The two Houston hotels mark our fourth and fifth hotels sold so far this year, and like the other hotels sold this year, they represent the lowest-quality commodity hotels within our portfolio, and those we believe to have inferior long-term earnings prospects. With these sales, our total dispositions over the past three years has surpassed $1 billion. We are pleased with these dispositions. They have been sold on average trailing EBITDA multiple of approximately 16x, and left us with a higher-quality portfolio more concentrated in long-term relevant real estate, as well as significant financial optionality.

Moving on, let me provide an update on our exciting 2018 capital projects that we expect to contribute to our portfolio growth in 2018 and beyond. I had provided the details of each of these growth opportunities in the past several quarters, so today I'll only give a brief update. At the Orlando Renaissance, the 47,000 square feet of new meeting space is under way, and is on schedule to be completed on time and on budget in January.

This expansion will be our total usable event space to approximately 200,000 square feet, or an impressive 256 square feet per guestroom, making the Renaissance an even more desirable meeting destination. We expect that this $23 million investment will generate a 13% to 15% unlevered return, including the limited renovation disruption that is expected as we complete this addition.

Year-to-date, we have completed rooms renovation at the Renaissance LEX, club rooms at the Hyatt San Francisco, and a material transformation of the guest rooms and bathroom product at the Marriott Long Wharf, and the J.W. Marriott in New Orleans. Both the Long Wharf and the J.W. New Orleans renovations included a compete repositioning of the rooms, including expanded bathrooms, brand-new showers, and upgraded amenities. The recently completed Avenue 34 retail to function space conversion at Boston Park Plaza features 7,000 square feet of sophisticated, multi-functional, street view meeting space. Collectively, these projects are expected to contribute to our growth in 2019 and beyond.
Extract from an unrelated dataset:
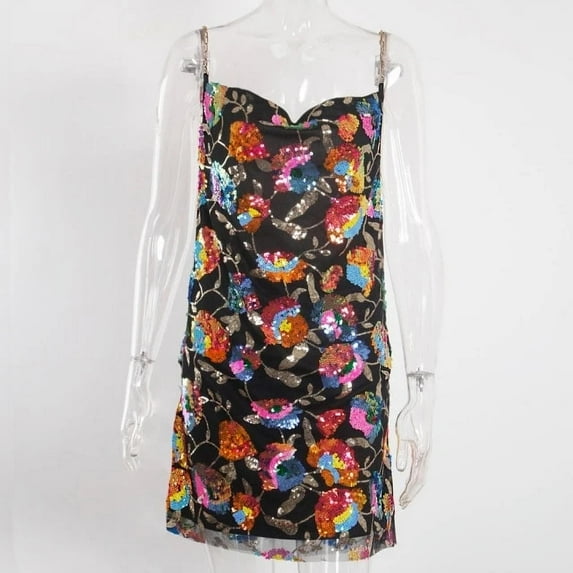 Yuemengxuan Women’s Fashion Sequined V-neck Backless Chain Suspender A-line Short Dress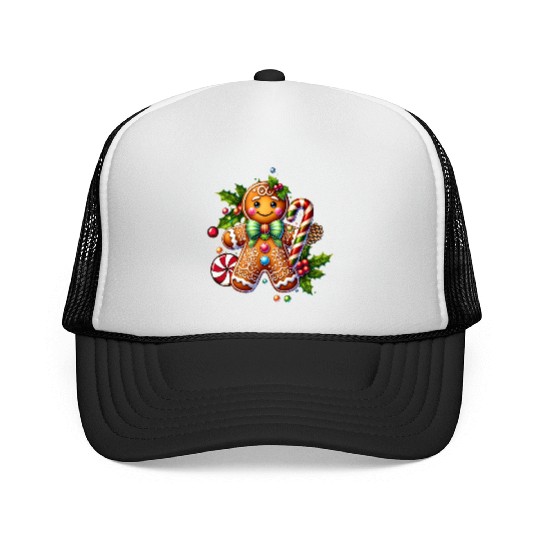 Happy gingerbread man with candy cane Trucker Caps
In summary, our portfolio continues to outperform our expectations and deliver strong results, and we are poised to deliver solid growth in the fourth quarter of 2018. We expect to further benefit as Ocean's Edge continues to ramp up, and our 2018 internal investment opportunities deliver incremental earnings. Furthermore, our low-levered balance sheet and material investment capacity position us well to increase earnings through selective investments and capital recycling, which represents significant, unrecognized earnings growth to our shareholders.

With that, I'll turn the call over to Bryan. Bryan, please go ahead.
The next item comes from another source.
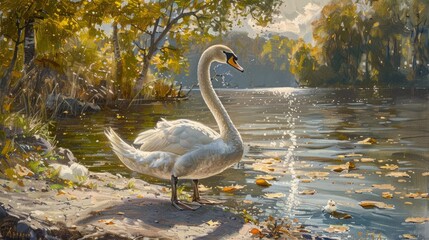 Fototapeta premium Swan strolling by the lakes edge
Bryan A. Giglia -- Executive Vice President and Chief Financial Officer

Thank you, John, and good morning, everyone. As of the end of the third quarter, we have approximately $1.2 billion of consolidated debt and performed securities outstanding, and our current in-place debt has a weighted average term to maturity of over 5 years, and a weighted average interest rate of 4.1%. Our variable rate as a percentage of total debt stands at 22%, and 43% of our debt is unsecured.

Following the sale of the two Houston assets, we have 17 unencumbered hotels that collectively generated approximately $230 million of EBITDA over the trailing 12-month period, and nearly 68% of our EBITDA is now unencumbered. In addition to cash-on-hand, we have now have an undrawn $500 million credit facility and no debt maturities before November 2020.
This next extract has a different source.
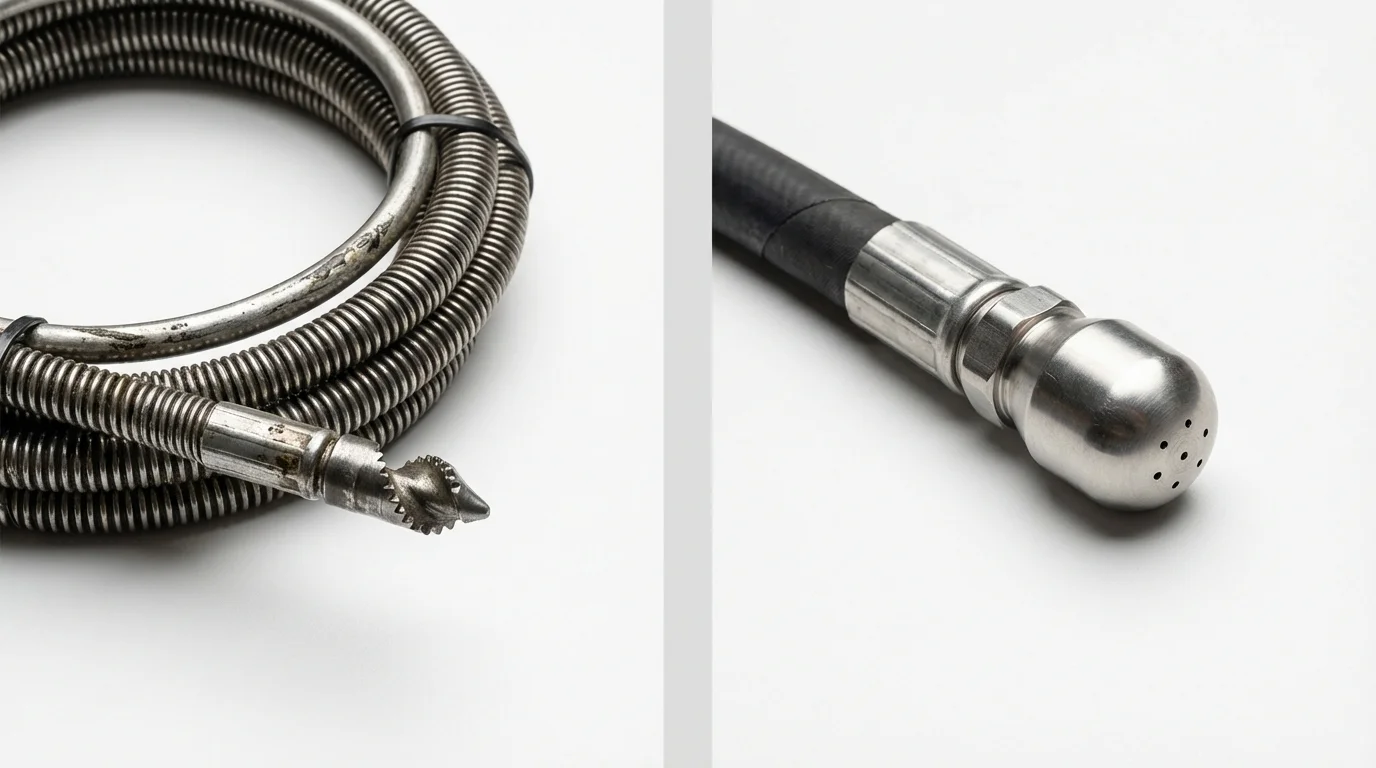 Drain snake cable and hydro jetting nozzle used for drain cleaning in Mishawaka, IN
In October, we amended our existing credit facility to increase the capacity from $400 million to $500 million, as well as extend the maturity to 2023, while securing an enhanced covenant package and more attractive pricing. Adjusting for the sale of the Houston hotels, we ended the third quarter with nearly $680 million of unrestricted cash on hand. Of this $680 million, we expect to use approximately $80 to $100 million based on our current estimates to pay our fourth quarter catch-up dividend, which I will discuss momentarily. This will reduce our adjusted cash balance to roughly $580 to $600 million. Our meaningful cash balance represents future earnings that will materialize once we deploy this capital.

Now turning to the fourth quarter and the full-year 2018 guidance, a full reconciliation can be found in our supplemental and in our earnings release. Fourth quarter and full-year guidance have been adjusted for the sale of the two Houston hotels, including an anticipated loss during our ownership period in October, as well as anticipated business interruption insurance proceeds of approximately $4 to $5 million at Ocean's Edge related to ongoing hurricane disruption experienced throughout this year. We expect to receive and book the business interruption proceeds in the fourth quarter.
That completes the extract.